As a kid I hated that color.  It certainly didn't match my G.I. Joe action fort I'd built in the corner of the room. I swore if I ever had my own place it would NEVER have a pink room.
A couple short years after Grandma passed away Dad stated that my room needed repainting, (Yay!)  I asked if I could paint it and maybe paint a rainbow on it (hey, I was in 6th grade). He said yes, but he was only going to buy the base color. Anything else I did to it, I'd have to use what was in the garage of the leftover paint.

I chose yellow. Let's just say there wasn't much to pick from for the rainbow which is why there remains to this day (though the yellow has been painted over), two rainbows, a half one behind the bed, and a full one on the other side made out of 70's yellow, gold and aqua and yes, the remainder of the horrid salmon pink. Dad refuses to paint over them and surprisingly when he had his kitchen fire, my room was the only one closed off to the point it had no smoke damage.
There is no accounting for taste in color. When my daughter and her husband bought their first home, the price was a steal given the area, which was quite upscale, but for a good reason. Some of the walls were painted black (the rest seemed to be covered in those press on mirrors). Bits of the back yard looked like it had been torched, and the carpet inside was damp enough with spilled beer that you could probably grow wild rice in the living room. It had been some young hipster's bachelor pad (or Darth Vader's, we're still not sure). Now it is painted white and varying shades of blue, with three stories of glass that look out onto the Rockies, the walls seemingly joining the sky.

I'd say that if I had a favorite color, it would still be yellow, the color of butter, of daisies, and the sun that makes you weep as you look into it. Yet, there are other colors that bring back memories. The Range living room is this antique looking sage green.  It could stand with a redo, but the color will remain the same, I think, as I go to the paint store to look at samples.
It's the color of my parents living room, not the green of the apples in the tree in the backyard, that hung low over the limbs we'd hang from like monkeys.  It's not the deep grey green  swirl of a river full of steelhead.  It was more of the aromatic sage of something wonderful coming from the oven; the laughter of Mom and Grandma in the kitchen; the recipe born of white paper and cursive script.  It's those smells that make you weep for the lost colors of childhood.

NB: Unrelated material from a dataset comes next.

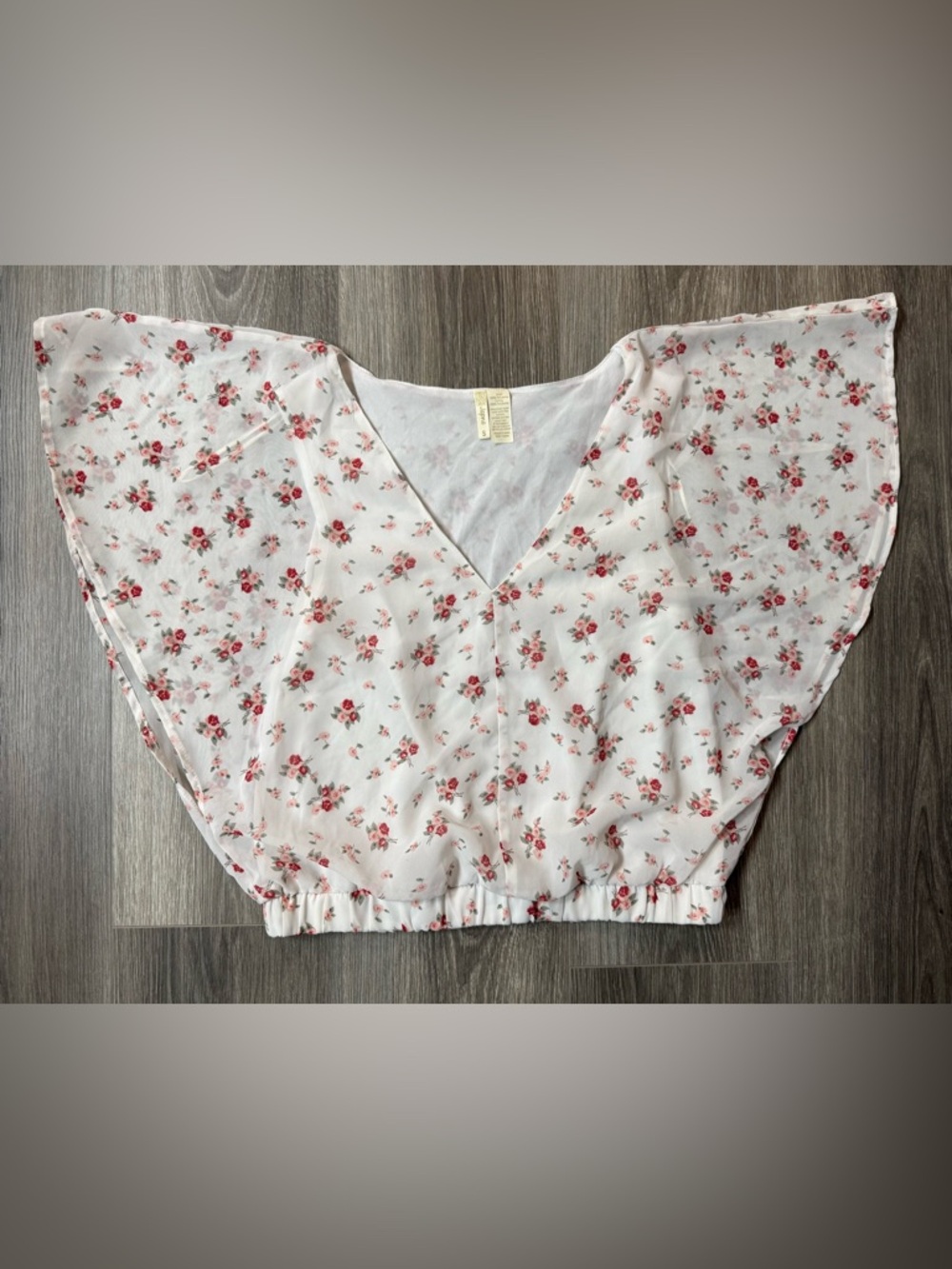 Japna V-Neck Women's Ditsy Floral Crop Top Butterfly Sleeve Romantic Cottagecore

In looking through all the little squares of paint at the store, I think to myself that we always seem to associate scent with certain periods of our lives, but how about color?

There, in one display, are the rich vivid hues of sunrise. That takes me back to my last time camping out in the woods, watching the sunrise from my spot underneath a tree.  At first, there is only darkness, the colors of the starless night, of a deep ocean crossing, the sky then gathering a bit of light in the depths, like the eyes of Jesus that look down on us from a cross on the wall, eyes that show no age as they show no forgetting.
The first hint of day is red, the royal blue-red, that in centuries past would have been forbidden to be worn by the masses, on the threat of death, then oranges and yellows, dripping like forgotten fruit into the horizon, their taste and texture, fragrant and lush against the plate of the earth. Pink and white, the color of saltwater snails found in the submerged sands of paradise, washed clean of their prison. Then finally blue, just a hint of blue, paler even than the bluest sky I remember from my last time aloft, just a hint of blue, fading, for into the sky comes the weather, thick clouds pulled up by the still slumbering earth to cover it and keep it warm.

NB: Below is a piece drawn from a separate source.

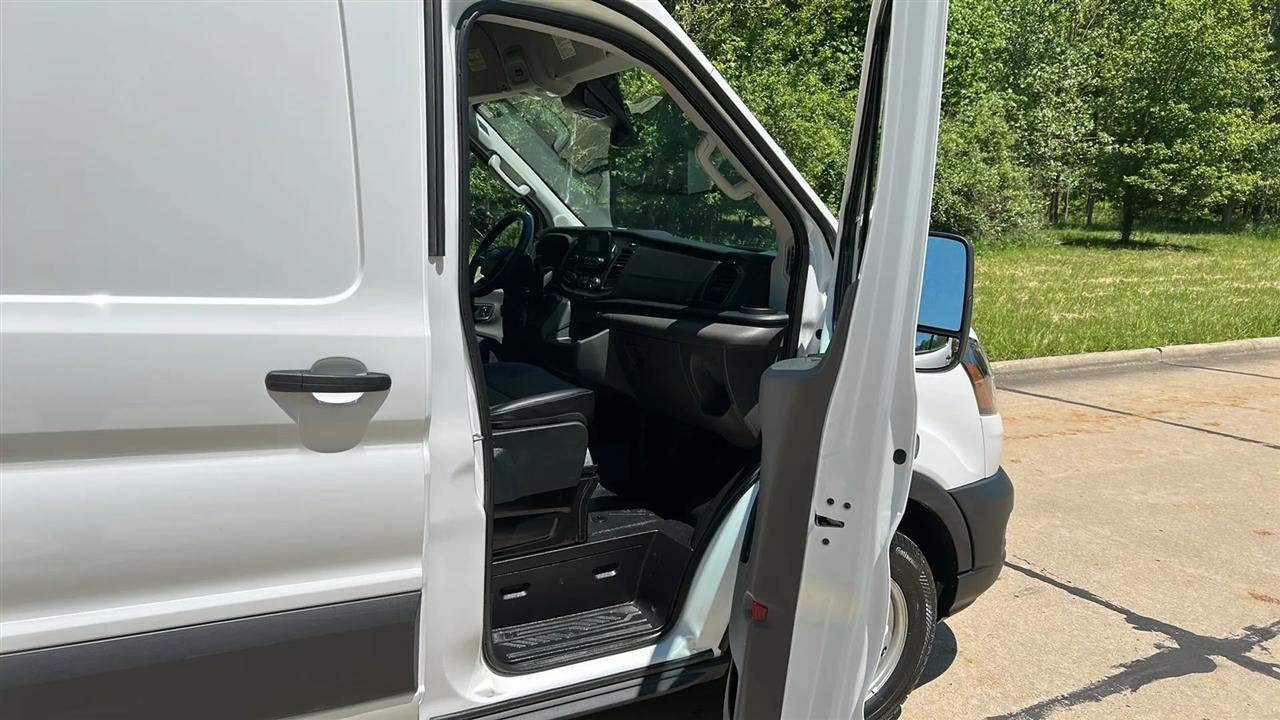 Ford Transit 250 Van High Roof w/Sliding Pass. 148-in. WB 2025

Before the sun could even warm the earth, warm me, blue-grey gave way to gray, like the whole of Lee's army taking on the battle between dusk and dawn.  The blood red of the sunrise leaches into the earth until the world goes suddenly and softly grey again.  The clouds mourn and the birds sound an echo of taps up in the trees, as I sit and remember a battle of my own, tracing invisible scars of it upon soft skin.

Then, there in another section of the paint store are the blues and greys.
In the Spring of my childhood, after the winter cold and snow retreated, Mom and I would head outdoors, just the two of us, along the shores of local bodies of water looking for stones, stones that may have not been unearthed for years, abundant embedded in earth and sand. They're quiet treasures on the shores of the West, windswept lands riddled with unclaimed treasures that people simply pass and forget, not knowing what they have underneath their feet. Beneath this great land lies jeweled richness of stone, and prehistoric bones, telling tales as they surface, dotting the future with pieces of the past.

Some stones are so tiny as to be little bearings of smoothness, the size of a small birds egg. Others take both hands to hold. My Mom as well, was fascinated by stones, and we'd search through the grey and dark and cold surfaces looking for the one that will break open into glorious color of a gemstone. Rich colors forged in heat and fire and fate. We'd hunt down an agate, and knowing what we will find inside of it, we'd smile.

In native Indian culture agates were believed to cure the stings of scorpions and the bites of snakes, soothe the mind, prevent contagion, still thunder and lightning, promote eloquence, secure the favor of the powerful, and bring victory over enemies. In this agate, Mom might not find a cure for the stinging bite of what she has within her that was too soon to take her life, but in it she found strength and beauty, swirling colors of joy in that moment, something to sooth the thunder that rolled through her in dark frightening moments.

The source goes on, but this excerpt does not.